In a separate bowl, mix together ground turkey, eggs, Italian breadcrumbs, parmesan cheese, minced garlic, salt and pepper. Once mixed, create 1-2 inch meatballs with your hands. **NOTE: I like to use a 1 TBSP spoon to scoop out and help create that ball mixture. Sometimes, they can tend to be small so feel free to add a little more to the scoop if needed.** Place meatballs on the same baking sheet as the tomatoes and randomly spread them out throughout.
Bake in the oven for 50 minutes checking on them every once in a while.
Remove from heat and let cool. Serve with spaghetti.
PRETTY PLATE PRESENTATION INSTRUCTIONS:
I like to start with plating the spaghetti nests first, then build around that.
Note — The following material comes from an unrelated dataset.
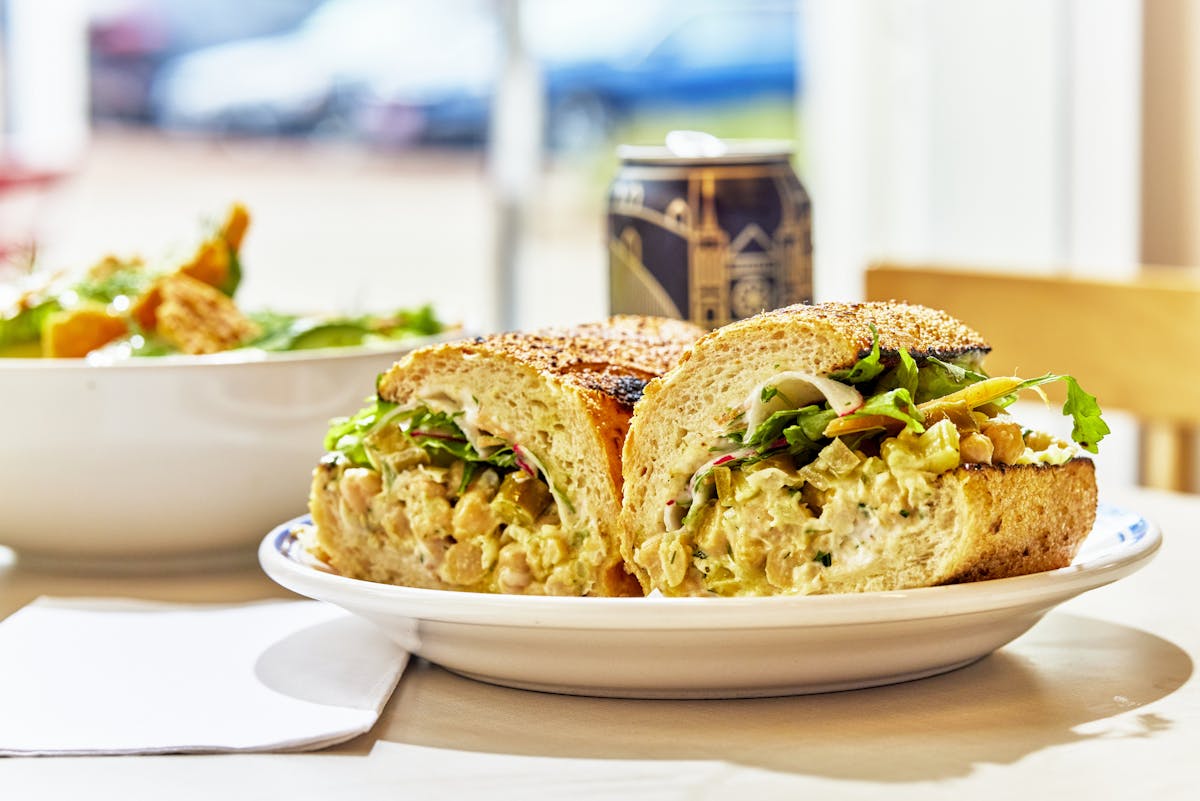 chickpea sandwich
You can either build them as you go OR pre-build the spaghetti nests, set them all aside and then build. I just built them as I plated them up. To create these, take a large fork, stick them in the bowl of spaghetti and take a chunk out. Begin to twirl them around on a plate until you get that nest look.
Next, take your meatballs and place them randomly throughout the platter next to the spaghetti.
Then, do the same thing with the tomatoes. At this point, the platter should be full and pretty looking.
Add fresh basil leaves, both full leaves and chopped. Stick them in any other areas that feel bare or need some sprucing up.
To add the final touches, sprinkle spaghetti with shredded parmesan cheese and black pepper.
INGREDIENTS: For the Chunky Garlic and Roasted Red Pepper Marinara Sauce
1 red bell pepper, chopped
Half of a yellow onion, finely diced
5 medium roma tomatoes, cut in half
8 garlic cloves, chopped in bigger pieces (not minced) + 1 TBSP minced garlic
1 14 oz. can tomato sauce
1 32 oz. can diced tomatoes with garlic and basil
2 bay leaves
1 TBSP fresh basil leaves, finely chopped
1 TBSP Italian seasoning
1 TSP sugar
Preheat oven to 450 degrees. Prepare the red bell pepper, onion, tomatoes and garlic.
Prepare a baking sheet, spray with non-stick spray and add bell peppers and tomatoes. Roast in the oven for 25 minutes or until soft. Once finished, remove from oven and let cool. Remove skin from tomatoes and place in a blender. Add 1 TSP salt, 1 TSP pepper and 1 TBSP minced garlic. Blend until smooth.
Heat a large pot over medium heat. Add chopped garlic and onions. Saute for 3 minutes. Add chunks of bell pepper and continue sautéing for another 2 minutes. Add cans of tomato sauce and diced tomatoes.
Add in basil leaves, italian seasoning and sugar and stir. Turn heat to low and simmer for 15 minutes.
Serve with pasta and meatballs on the side.